Intro: How to Harvest and Cook Mussels
Mussels web over rocky outcrops in splotchy patterns by using threads called “byssus’ and secreting a sort of superglue; these bi-valves dominate the upper part of inter-tidal zones-starfish eat them in the lower parts. Their threads and glue, not to mention crashing waves, can make it difficult to remove them from the rocks, but they are plentiful along the coast, and delicious.
In California, there's a quarantine on mussels from May through October. This is because the water warms up (relatively speaking) on the coast during these months. These are filter feeders and can absorb toxic substances, so only harvest from pristine areas. Also, always call the local Fish & Wildlife (In CA. 800 553 4133) to make sure there is no harmful algae in the water and that they are safe to eat. Don’t put them in a plastic bag and seal. This will kill them.

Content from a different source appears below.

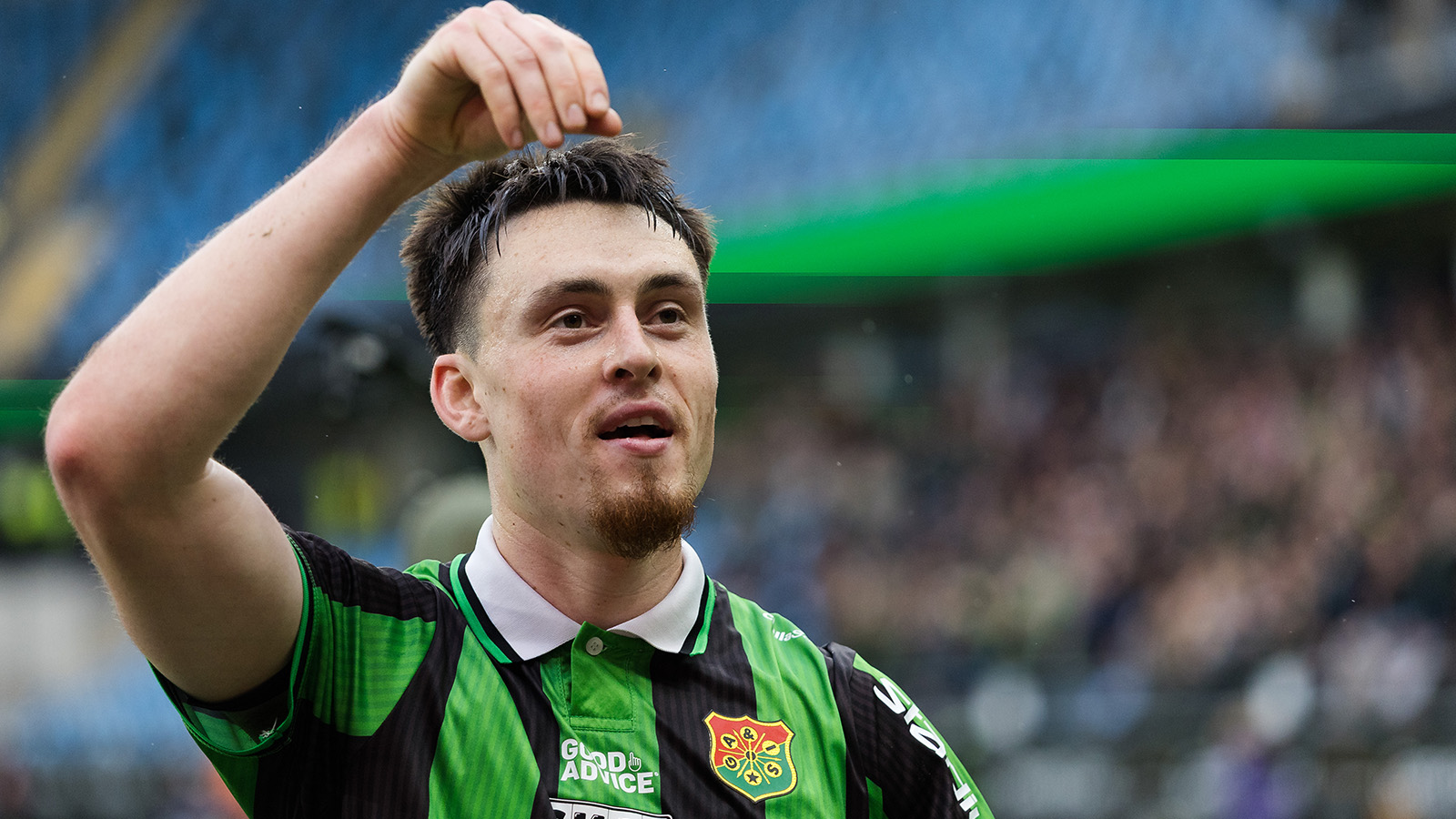 Gais tog viktig seger – Hampus Skoglund utvisad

Tools Needed: gloves, heavy bladed knife or crowbar, bucket or bag.
Step 1: Harvest the Mussels
While mussels are easy to find along a coastline, they are often in the "impact zone", or where waves crash against rocks. So check the tides and make sure to go out on low tide. Also, try to harvest on the side of the boulder where there is no chance a rogue waves will hit you and drag you out to sea. Also, make sure you are nowhere near farms or residential areas where toxic run-off is going into the sea.
Because of mussels' threads or "byssus" and their own type of superglue, these guys really cling to the rocks. Use a large flat edged knife or a small crowbar to remove them. You want to be gentle, and not over-harvest them. Mussels create habitat for hundreds of other types of critters, like tiny barnacles and the less tiny gooseneck barnacles. While gooseneck barnacles are not pretty-they sort of look like a dragon toenail-look closely at this picture, and you'll see them protruding out. They are totally edible and pretty tasty.
Step 2: Clean the Mussels
Once you've gotten a small stash of the blue bi-valves, you can put them in a bucket of water, and let them de-grit themselves, or rinse them in the sink. Don't ever tie them up in a plastic bag, or you may suffocate and kill them all. You can tell if a mussel is alive and well if they stay tightly shut when exposed to air. If they are open or opening or the shell is cracked, toss them out and don't eat them. Clean the threads off by giving a quick, hard yank down on them. It's not dangerous to eat them, just not very pleasant and wild harvested mussels have more than commercially grown ones, which usually have been cleaned.
Step 3: Steamed Mussels
A quick, classic recipe for steaming mussels is to chop garlic (finely), onions and tomatoes (roughly). Sautee them in butter along with branches of fresh thyme, pepper and salt to taste. Once they are sauteed, add either 1/2 cup of white wine, or beer or hard apple cider might work. For this batch, I added a 1/2 cup of El Castor. It's brandy made from prickly pear cactus and adds depth to the sauce. Put the lid on the pot, and let the mussels steam for about 15 minutes. When they have all opened, they are ready. Have a baguette for dipping in the sauce.
Step 4: How to Smoke Mussels
Smoking mussels is simple, and while they may be a little drier than when steamed, it adds a nice flavor to them. Soak 2 cups wood chips like apple or cedar in water for 30 minutes to an hour. You can add pine needles as well, for a woodsy flavor. Remove the chips and pine from the water and layer them in the bottom of a shallow baking pan. Put a grill on top of this and place the mussels on the grill. Cover it with foil and turn the stovetop flames on low. Let them open. It takes longer than steaming them.